So he has reached a rare state of professional contentment, except in his case it’s an anxious kind of contentment because he is fundamentally an anxious kind of person. For many years he controlled his various irrational fears through analysing statistical likelihood. “I managed to get myself to a place where the thing I was frightened of didn’t have to be impossible – I could console myself with the thought that it was just vanishingly unlikely.”

That worked until he had a child, his and Coren’s four-year-old daughter, Barbara.

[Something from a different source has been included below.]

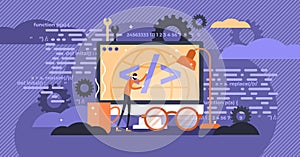 Programming vector illustration. Flat tiny person concept with IT computer.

Now, he says, he’s back to “needing the bad thing to be absolutely impossible”.

Perhaps because he’s such a natural observational comedian, he talks easily about his private life, while conscientiously registering a desire for privacy. A further problem is that he’s spoken in the past with striking candour about the details of his personal life, as well as writing a superior celebrity memoir, Back Story.

The unglamorous bachelor flat where he used to live in Kilburn, north-west London, became a staple reference in interviews, in which he would reflect on loneliness, his lack of experience with girlfriends and much else that most celebrities would carefully excise from the business of image projection.

He did it partly because he’s an incurable anecdotalist but also to play up his comic persona – the one most fully embodied by Mark Corrigan, his character in the long-running Channel 4 comedy Peep Show: single, nerdy, desperate, prone to brilliant comic tirades. But the distance between the image and the reality was uncomfortably close.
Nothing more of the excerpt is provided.